John R. Simons v. Paul G. Hawley.

1. Limitations—Amendment Introducing New Cause of Action.—A bill in equity was filed May 8, 1871, seeking the correction of a sheriff’s deed and praying for the execution of a new deed to sixty acres of land. There was no claim for rents and profits that had accrued to the time it was filed or those to accrue. Afterward an amended bill was filed setting up such a claim and the answer was amended setting up the statute of limitations to all rents and profits accruing after within five years from the filing of the amended bill. It was held, that the complainants were barred from recovering rents and profits prior to five years immediately preceding the filing of the amended bill.

2. Bar—Recovery in Equity—When Not—Rents.—A recovery of possession under the proceedings in equity or law is not a bar to the recovery of rents, but theoretically a necessary step.

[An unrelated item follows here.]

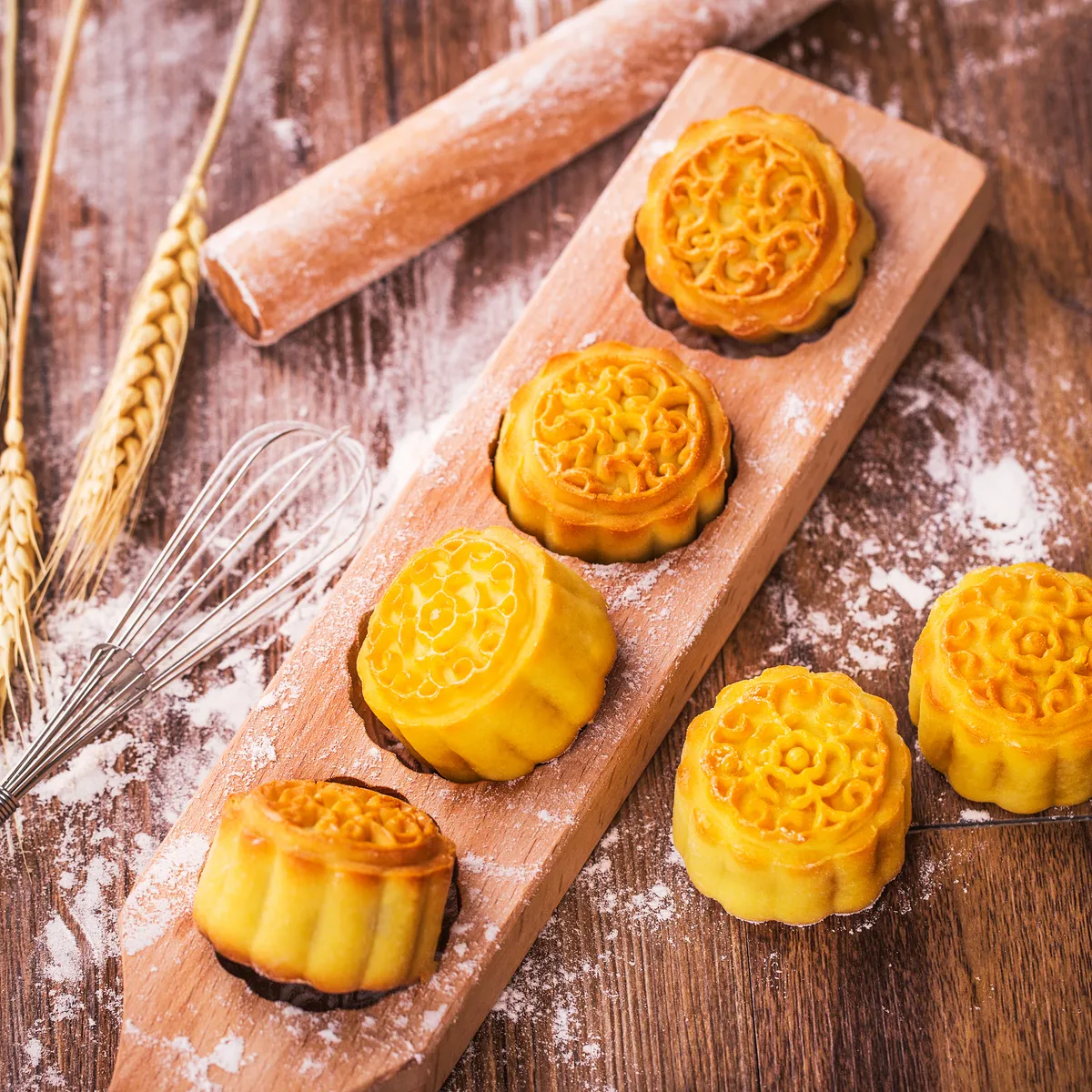 Making mooncakes by hand — pressing dough and lotus paste into wooden molds at home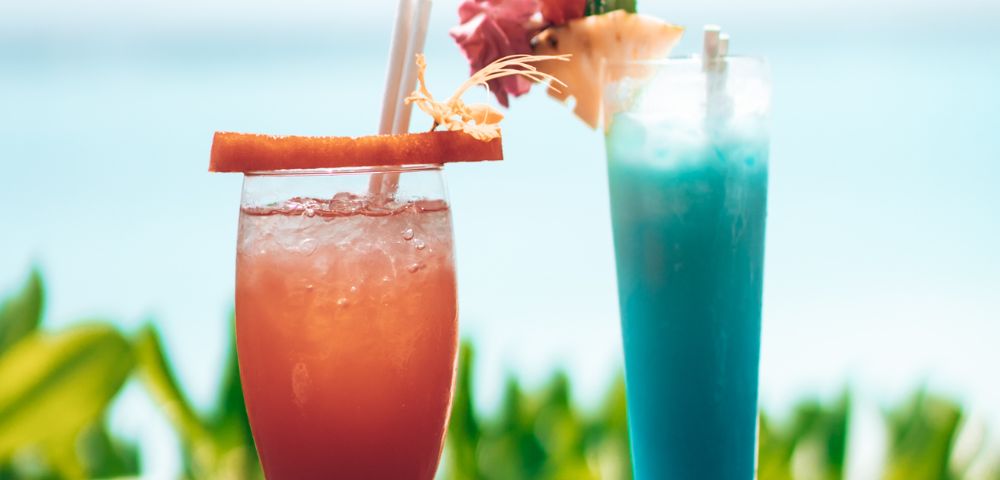 Two tropical cocktails, one red-orange and one blue, adorned with garnishes, against a backdrop of blurred greenery and ocean.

3. Master in Chancery—Reference Nunc Pro Tunc.—Where no order of reference has been in fact made, it is error for the court to validate the action of the master in taking testimony and making report in a case, without authority from the court, by dating back its decree of reference. If an order of reference had really been entered then the court could order it to be properly filed and dated nunc pro tunc.

4. Freehold—Rents and Profits.—No freehold is involved in an action for rents and profits where the title to real estate is not in question.

Memorandum.—Bill for an accounting for rents and profits. Error to the Circuit Court of Kendall County; the Hon. Clark W. Upton, Judge, presiding. Heard in this court at the December term, 1893.

Reversed and remanded.

Opinion filed May 22, 1894.

The opinion states the case.

*288Brief of Plaintiff in Error, Hopkins, Aldrich & Thatcher and Samuel J. Lumbard, Attorneys.

Plaintiff contended that not until an order of reference is entered in any cause has the master in chancery any right or authority to assume to hear evidence and determine any question in controversy. R. S., Chap. 22, Sec. 39; Preston v. Hodgen, 50 Ill. 56; Waters v. Waters, 132 Ill. 483; Hughs v. Washington, 65 Ill. 245.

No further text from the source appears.